Taxonomic Swap 101040 (Committed on 2021-11-14)

Megasyrphus is considered by some to be a subgenus of Eriozona, but by others as a separate genus. In iNat it is a currently separate genus, and other species are there. This species is present in both places and should be consolidated with the rest of the species in Megasyrphus.

Added by matthewvosper on November 5, 2021 11:51 PM | Committed by matthewvosper on November 14, 2021
replaced with

Comments

@christian_heintzen I wanted to tag you in on this because you're currently the only person who has used Eriozona erratica, in case you have any comments to make. @sbushes would you mind checking for me that this taxon swap is correctly constituted? (My first one that will actually affect observations)

Posted by matthewvosper over 2 years ago

Looks good to me! ... in regard to implementation that is (not looked at literature)

Posted by sbushes over 2 years ago

Thank you muchly

Posted by matthewvosper over 2 years ago

@edanko @trinaroberts @phycus @gerrit_oehm @dipterajere @flo-dycob @christian_heintzen I set this up for a single species, but I notice that there are several species affected. Is there a consensus about whether Megasyrphus should be a separate genus (as it seems to me), or a subgenus of Eriozona? Would you be happy for me to go ahead and shift/merge things to Genus Megasyrphus as appropriate?

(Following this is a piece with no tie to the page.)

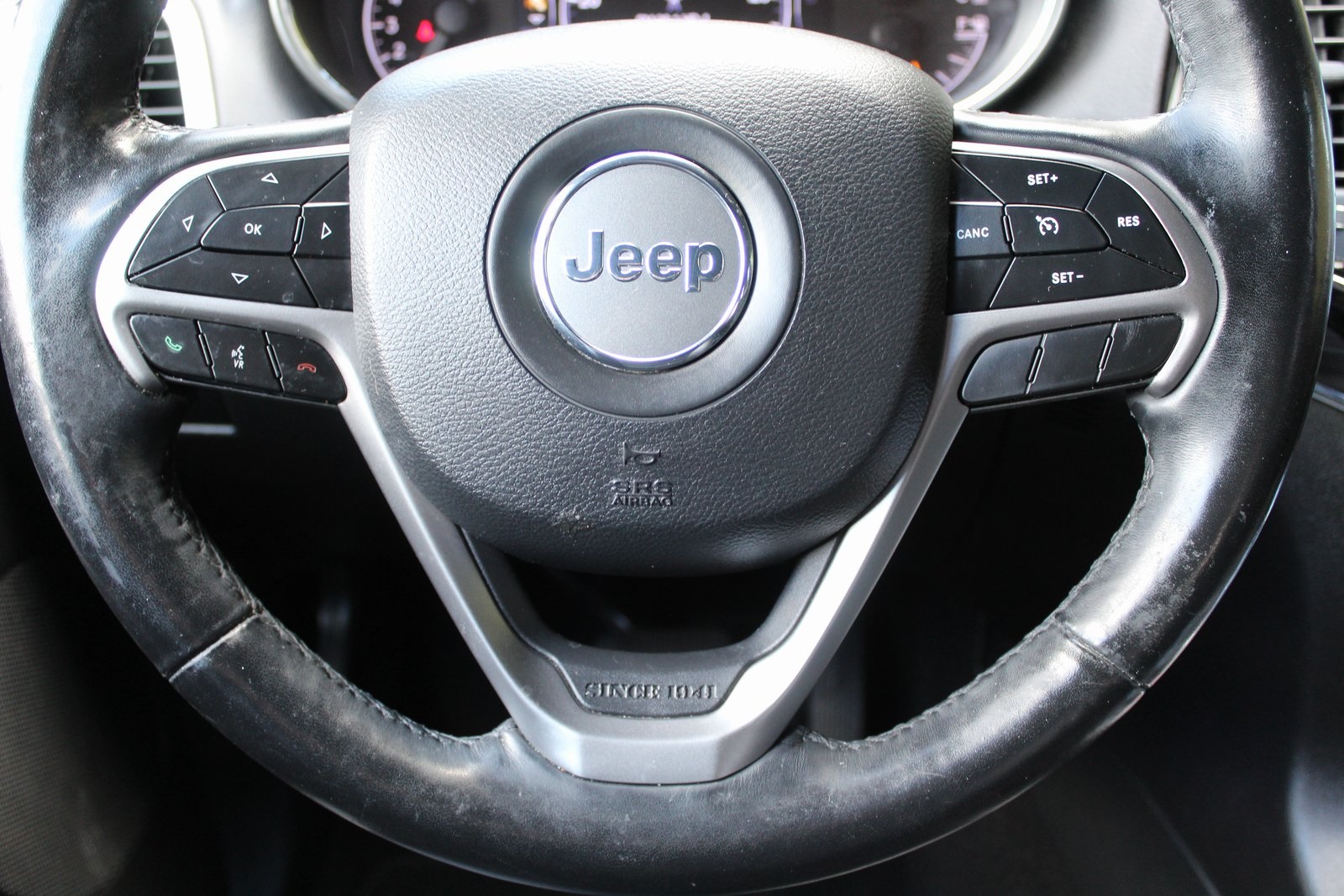 2020 Jeep Grand Cherokee Limited photo 18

Posted by matthewvosper over 2 years ago

The changes I would propose are:
Move E alashayicus to new M alashayicus
Merge E catalina into M catalina
E laxa and E laxus into M laxus
E erratica into M erraticus
M annulipes into M erraticus (synonym)

Posted by matthewvosper over 2 years ago

I can't claim to have gone too too deep into the literature, but the recent molecular evidence certainly supports separating Megasyrphus. Plus, on iNat it should certainly be one or the other, not the combination of both that we seem to have at the moment. I think your proposed swaps make sense.

Posted by trinaroberts over 2 years ago

I think Megasyrphus goes as it's own genus.

Posted by edanko over 2 years ago

Thanks guys, that was my understanding too, there are European sources in agreement, and as you say, the key thing is to have one or the other. So I'll get on with it.